The month of April was chosen as Rasta Month because it has many important days of observance and celebration on the Rastafari calendar. Some of these important days include the anniversary of the birth of Empress Menen on April 3; birthday celebrations for Bunny Wailer on April 7; the observance of Black Friday in memory of those who died in what is known as the Coral Garden massacre; and the commemoration of the 53rd anniversary of the 1966 state visit of Emperor Haile Selassie I on April 21; as well as the observance of World Ganja Day on Thursday, April 20.
Of all the holy days and important observances of the Rastafari one of the most important days is the anniversary of the visit of His Imperial Majesty Emperor Haile Selassie I to Jamaica on April 21, 1966, which comes second only to Coronation Day, which is celebrated on November 2. The day was later referred to as Grounation or Groundation Day because it was the day that the emperor landed in Jamaica and touched Jamaican soil (the touching of the ‘groun’ is very important to Rastas as it is considered to be the unification of the body and the Earth). The term Grounation is also used to describe a gathering of Rasta brethren for the purpose of reasoning and worshiping.
But who is Haile Salassie, and why is he so important to the Rastafari? Haile Selassie I, born Lij Tafari Makonnen Woldemikael, was an Ethiopian regent from 1916 to 1930 and emperor from 1930 to 1974. He was a member of the Solomonic Dynasty who traced his lineage to Emperor Menelik I. Haile Selassie was known as a child as Lij Tafari Makonnen. Lij is translated as ‘child’ and serves to indicate that a youth is of noble blood. His given name, Tafari, means “one who is respected or feared”. Like most Ethiopians, his personal name, ‘Tafari’, is followed by that of his father, Makonnen, and that of his grandfather Woldemikael. His Ge’ez name, Haile Selassie, was given to him at his infant baptism and adopted again as part of his regal name in 1930.

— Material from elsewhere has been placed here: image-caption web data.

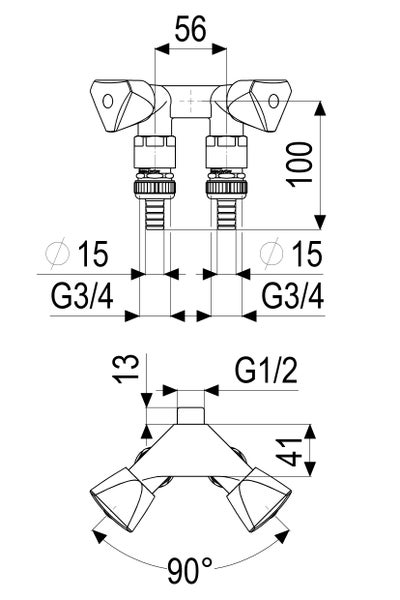 Maßzeichnung für einen Zwei-Wege-Verteiler mit G 3/4 Zoll Abgängen und G 1/2 Zoll Eingang sowie einem 90 Grad Winkel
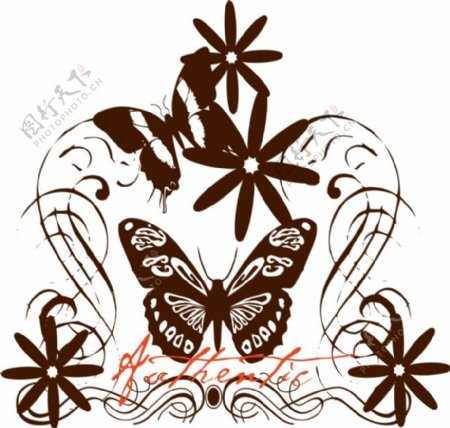 蝴蝶花纹素材背景图案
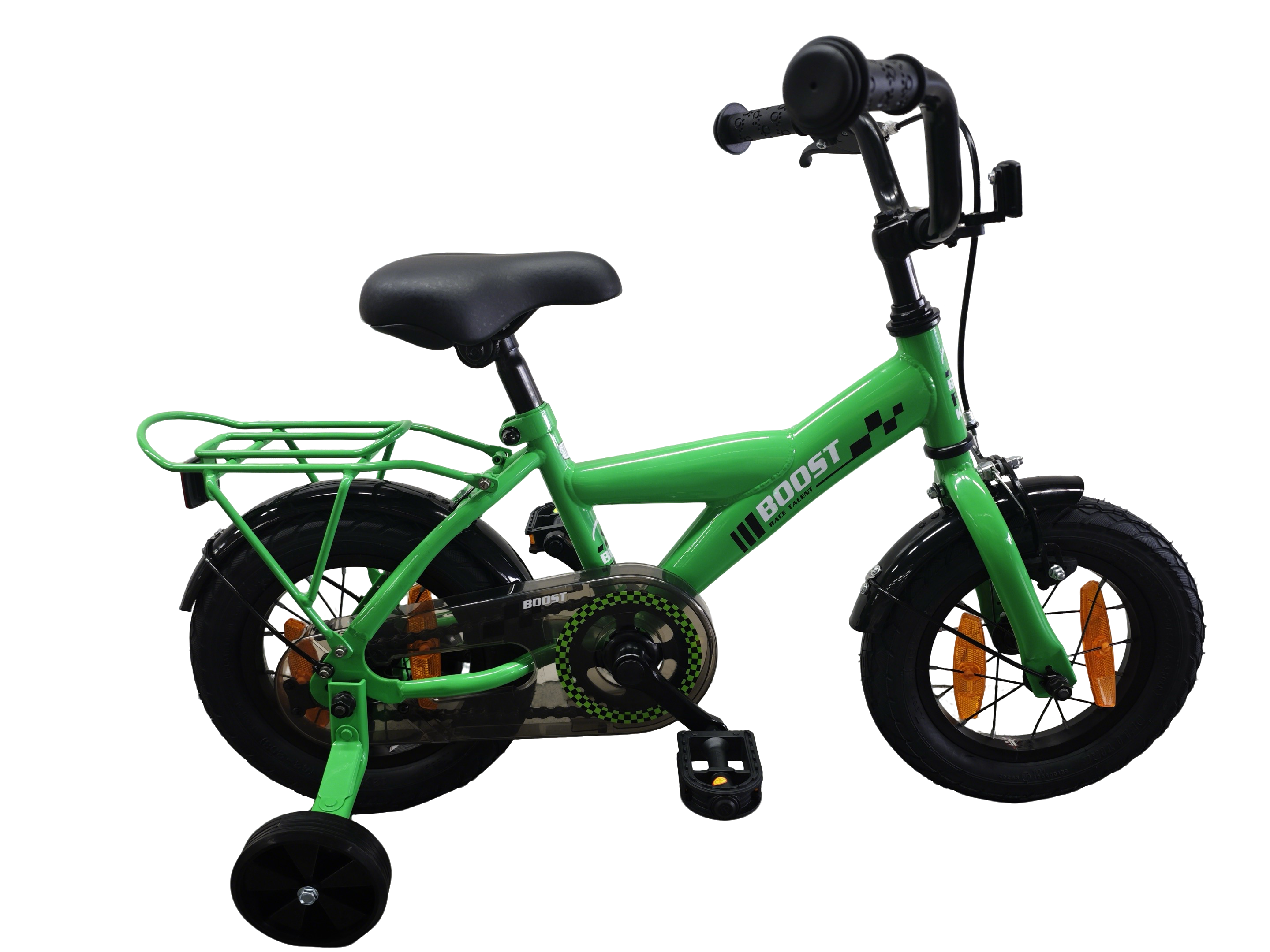 Bikefun kinderfiets boost 12 inch - met zijwieltjes en remnaaf - groen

On November 2 , 1930, after the death of Empress Zewditu, Tafari was crowned Negusa Nagast, literally King of Kings, rendered in English as ‘Emperor’. Upon his ascension, he took as his regal name Haile Selassie I. Haile means in Ge’ez ‘Power of’ and Selassie means trinity. Therefore Haile Selassie roughly translates to ‘Power of the Trinity’. Haile Selassie’s full title in office was “By the Conquering Lion of the Tribe of Judah, His Imperial Majesty Haile Selassie I, King of Kings of Ethiopia, Elect of God”. This title reflects Ethiopian dynastic traditions, which hold that all monarchs must trace their lineage to Menelik I, who was the offspring of King Solomon and the Queen of Sheba.
The main reason why Emperor Haile Selassie was and is revered by the Rastafarian community is because of the Most honorable Marcus Garvey whose most famous quote, “Look to Africa, when a black king shall be crowned for the day of deliverance is at hand!” solidified Selassie as the black Messiah. Rastas believe that one day, a black Messiah would come to save Africans and those in the African Diaspora, as his name suggests that Selassie had fit this description, and many Rastas believed that he was literally the second coming of God.
So when 36 years after his coronation, HIM Selassie I landed in Kingston, Jamaica, on April 21, 1966, at approximately 1:30 p.m., the enthusiasm of Rastas was unmatched. About one hundred thousand Rastafarians filled the tarmac of the Kingston airport, smoking marijuana and playing drums in the rain, waiting for Haile Selassie I. As soon as the wheels of his plane touched the ground, the skies immediately began to clear, a sign to all that God had really arrived in Jamaica. The throng was so massive that Selassie couldn’t emerge from his plane. Then, Rasta elder and leader Ras Mortimer Planno stepped in to negotiate a proper entrance, and after a brief discussion with the emperor, Planno exited the plane and asked his brethren to keep calm and step back so that the Emperor could exit the plane.
The emperor remained in Jamaica for approximately three days and engaged in numerous discussions with government officials. He also encouraged government officials to invite the Rasta brethren to one such gathering, where to the dismay of non-Rastafari brethren, he did nothing to dispel thoughts of his divine status, further cementing him as the Black Messiah in the minds of the Rasta community. This framed imaged of His Majesty dressed in his royal regalia, though dated 1965, was signed in Amharic by the emperor himself and was presented to a government official. This picture eventually found its way into the collection of the Institute of Jamaica and is one of the most cherished items in the collection.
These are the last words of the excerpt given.